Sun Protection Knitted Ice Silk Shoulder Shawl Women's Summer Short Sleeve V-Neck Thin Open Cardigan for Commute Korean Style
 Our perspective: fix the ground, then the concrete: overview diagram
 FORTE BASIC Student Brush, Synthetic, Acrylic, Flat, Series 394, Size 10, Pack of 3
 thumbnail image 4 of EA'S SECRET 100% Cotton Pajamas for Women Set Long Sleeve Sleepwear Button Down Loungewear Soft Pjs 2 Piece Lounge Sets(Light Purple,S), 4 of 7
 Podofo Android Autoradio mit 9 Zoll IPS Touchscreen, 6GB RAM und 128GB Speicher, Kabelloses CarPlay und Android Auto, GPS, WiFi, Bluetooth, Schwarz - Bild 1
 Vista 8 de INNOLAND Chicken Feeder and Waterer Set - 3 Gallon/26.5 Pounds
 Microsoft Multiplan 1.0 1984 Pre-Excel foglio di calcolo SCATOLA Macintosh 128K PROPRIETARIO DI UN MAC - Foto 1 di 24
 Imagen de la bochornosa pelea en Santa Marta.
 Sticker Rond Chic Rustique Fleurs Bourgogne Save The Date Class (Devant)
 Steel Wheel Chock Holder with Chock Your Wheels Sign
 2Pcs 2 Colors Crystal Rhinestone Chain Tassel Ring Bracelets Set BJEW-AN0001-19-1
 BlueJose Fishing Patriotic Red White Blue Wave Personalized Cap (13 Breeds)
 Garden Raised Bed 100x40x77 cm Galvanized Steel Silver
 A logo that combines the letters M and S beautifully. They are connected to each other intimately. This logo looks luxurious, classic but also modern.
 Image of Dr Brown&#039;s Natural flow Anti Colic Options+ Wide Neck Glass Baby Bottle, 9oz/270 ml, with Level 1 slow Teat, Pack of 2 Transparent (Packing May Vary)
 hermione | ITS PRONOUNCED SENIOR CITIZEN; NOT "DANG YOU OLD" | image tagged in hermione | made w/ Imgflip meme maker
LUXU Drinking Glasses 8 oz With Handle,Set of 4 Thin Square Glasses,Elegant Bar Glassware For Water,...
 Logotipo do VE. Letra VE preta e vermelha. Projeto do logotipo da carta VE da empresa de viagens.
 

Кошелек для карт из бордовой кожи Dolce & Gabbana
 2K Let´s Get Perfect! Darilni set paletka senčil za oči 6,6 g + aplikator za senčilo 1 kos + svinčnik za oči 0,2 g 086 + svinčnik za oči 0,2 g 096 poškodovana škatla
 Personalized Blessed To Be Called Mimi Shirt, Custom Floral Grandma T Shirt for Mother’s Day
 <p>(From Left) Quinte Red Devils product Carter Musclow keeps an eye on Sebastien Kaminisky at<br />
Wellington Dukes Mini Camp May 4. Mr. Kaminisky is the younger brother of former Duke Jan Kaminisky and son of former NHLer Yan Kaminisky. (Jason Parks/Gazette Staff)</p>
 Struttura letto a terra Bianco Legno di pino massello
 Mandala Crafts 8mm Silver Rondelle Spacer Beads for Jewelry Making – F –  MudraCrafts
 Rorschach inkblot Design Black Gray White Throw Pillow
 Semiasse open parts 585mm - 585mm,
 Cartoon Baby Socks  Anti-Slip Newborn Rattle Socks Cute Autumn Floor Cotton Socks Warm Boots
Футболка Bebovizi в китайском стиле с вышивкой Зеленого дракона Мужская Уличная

****

Look above for the line holding "LUXU Drinking Glasses", then set down exactly that line and every line after it up to and including the line holding "Кошелек для карт", with nothing else.

LUXU Drinking Glasses 8 oz With Handle,Set of 4 Thin Square Glasses,Elegant Bar Glassware For Water,...
 Logotipo do VE. Letra VE preta e vermelha. Projeto do logotipo da carta VE da empresa de viagens.
 

Кошелек для карт из бордовой кожи Dolce & Gabbana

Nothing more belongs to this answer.